Woodward Parking Garage to Be Replaced by Second Champions Club Because Fuck You
As Florida State students are struggling to find an excuse other than being “too busy cheering our football team to victory” to focus on grades this semester, the administration has been busy finding ways to worsen the already terrible parking situation. Despite an increase in freshman enrollment for yet another year, FSU officials have laid out the timeline for the conversion of Woodward garage into a second Champions Club for the benefit of the True Seminoles: boosters and alumni who want to enjoy the exclusivities of a club without being forced to watch the Seminole football team literally get strummed like guitars by our opponents in person.
“The empty, cushioned seats outside of the Champions Club during the Miami game contrasted nicely with the sardine-packed student section, so the only logical next step is to take away their parking too,” said Alumni Center employee Chelsea Dorner, whose favorite sex position is “punching-down.” “I honestly don’t get why we’re building a Champions Club that doesn’t even plan on streaming the games as they happen.

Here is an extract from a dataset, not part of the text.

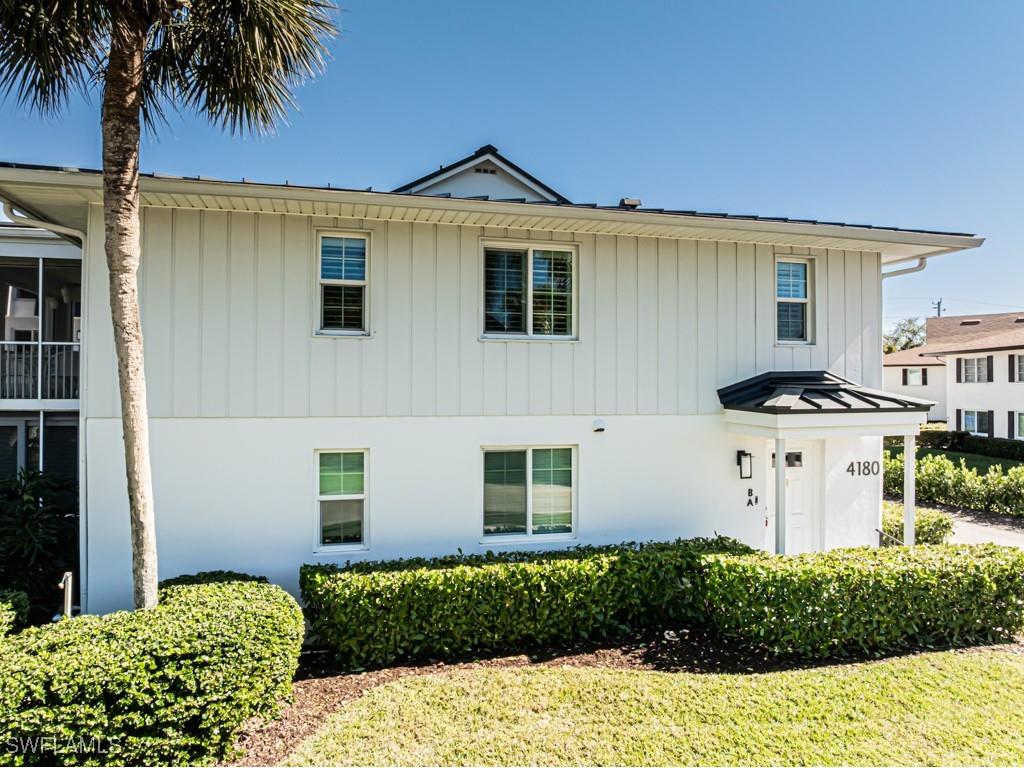 4180 Belair Lane #B Naples FL 34103 226002967 image1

But if it means we can charge old white dudes wearing ugly garnet and gold shorts $12 for a craft beer while simultaneously encouraging the overloading of our already-overloaded bus system, I’m all for it!”

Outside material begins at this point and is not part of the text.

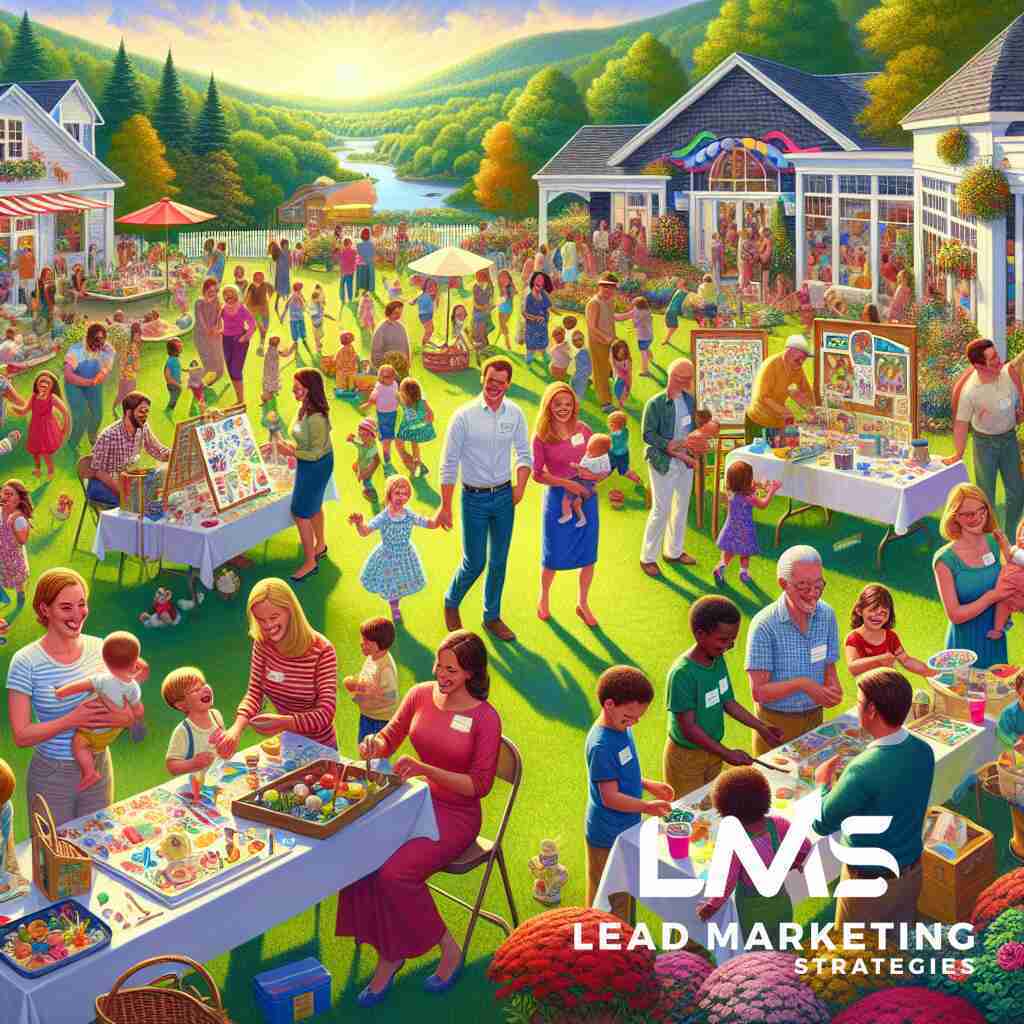 How Daycare Marketing Strategies Elevate Parental Trust in New Hampshire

Predictably, students were outraged by the decision. “Woodward was my go-to garage! Now where will I go to waste twenty minutes while waiting for students to wait for other students to back out of spots?” whined snowflake and student-who-probably-opposes-Nazis-speaking-on-campus Darren Jones. “Since day one this administration has been profiting off of my misery. The next thing you know, they’ll open a new parking garage strictly for segways and those stupid hoverboards, and it’s way more legally dubious to tailgate those.”
“Truthfully, I think the Champions Club members probably got tipped off about the outcome, and that’s why the section was so empty,” continued Dorner, as she siphoned off Bright Futures money to go towards the electric bill for the Jimbotron, Office Space-style. “Whether the higher-ups have actively rigged games and told the Boosters which ones to not bother attending or if they just looked at our coaching lineup and saw that Charles Kelly was still our defensive coordinator, I’m not sure. All that matters is that we make sure to continue spending money on amenities for our Boosters, rather than on more student parking or even pylon cameras that pick up every angle to make sure game-winning touchdowns are actually game-winning touchdowns.”